If you’re using machine learning in your organization, you probably should be thinking about how to manage the ethical, legal, and business risks involved if something goes wrong.
But according to a new paper from the Future of Privacy Forum and the College Park, Maryland, data management platform startup Immuta, there simply isn’t an industry standard framework for thinking about these kinds of issues.
“We see a really deep and pressing need for guidelines and for an actual framework to measure risk for machine learning,” says Andrew Burt, chief privacy officer at Immuta and one of the paper’s authors.
In the paper, released Tuesday, they offer some guidance to companies thinking about these issues. Among their suggestions, inspired in part by a 2011 Federal Reserve document on handling financial model risk, is that companies set up three “lines of defense” in handling artificial intelligence risk.

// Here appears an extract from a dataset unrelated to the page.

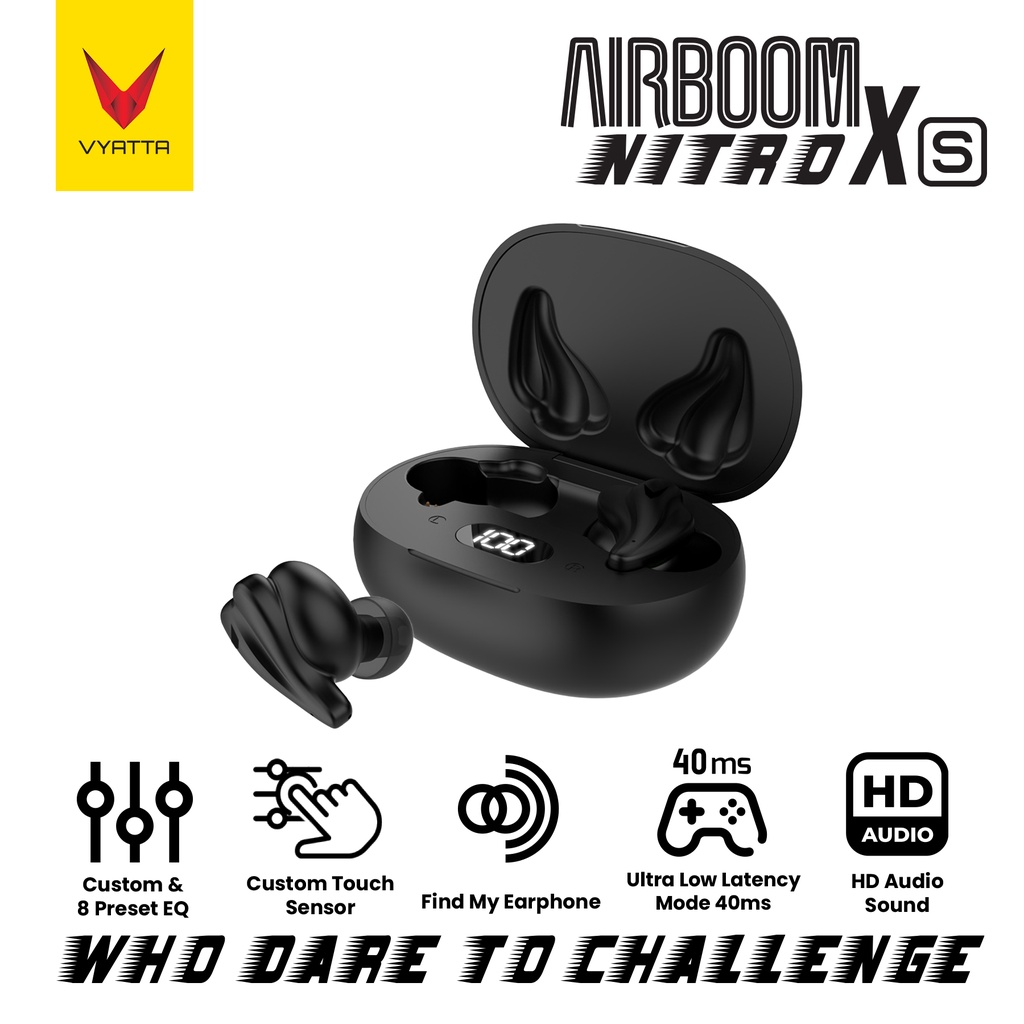 Jual VYATTA AIRBOOM NITRO XS TWS BLUETOOTH HEADSET EARPHONE GAMING 9 EQ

Those should include data scientists and other experts defining exact assumptions and goals around a project; a second team of data and legal experts who work as “validators” and review assumptions, methods, documentation, and information on underlying data quality; and a regular third line of defense involving reviews of the overall assumptions around the model and how they’re working out.

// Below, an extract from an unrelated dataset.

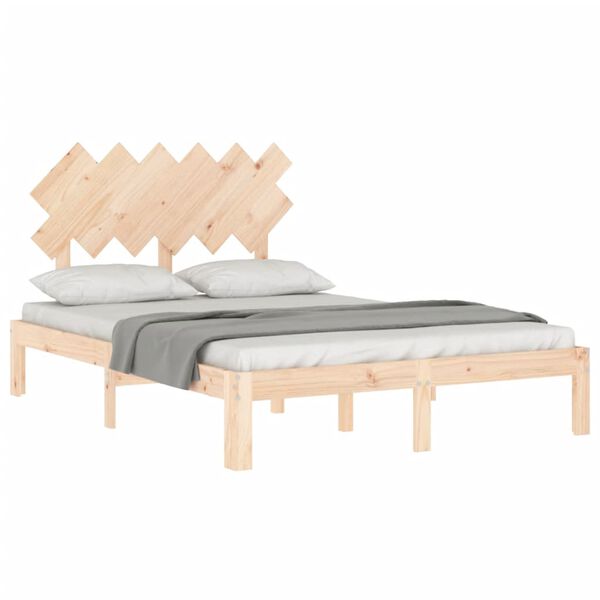 vidaXL Estructura de cama sin colch&oacute;n madera de pino maciza 120x200 cm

The exact details of how those reviews are implemented will vary from organization to organization, they say.
“In a really, really large company there might be more layers of complexity or multiple review chains or channels that are looking at different aspects of it in parallel with each other,” says Brenda Leong, senior counsel and director of strategy at the Future of Privacy Forum and an author of the paper.
The report also offers other recommendations for managing AI risk, including:
- keeping thorough documentation of the AI model’s intended use, data requirements, specific feature requirements, and where personal data is used and how it’s protected
- taking steps to understand and minimize unwanted biases, such as those involving race or gender
- continuous monitoring to detect if things go wrong, or if the data the system is being used to analyze starts to deviate too much from the training data
- making sure there’s an up-to-date understanding of how to take the AI tool out of production and what that entails for systems that rely on it
- explicitly thinking about tradeoffs between accuracy and human understandability and what those mean for the AI system and use scenarios
The authors say they may revise their recommendations in the future, as the industry and technology continue to evolve.
“From our perspective this is a living document–this is a first attempt,” Burt says. “There is a big void out there we intend to fill with this document, and we’re under no illusions we’ve gotten this perfect.”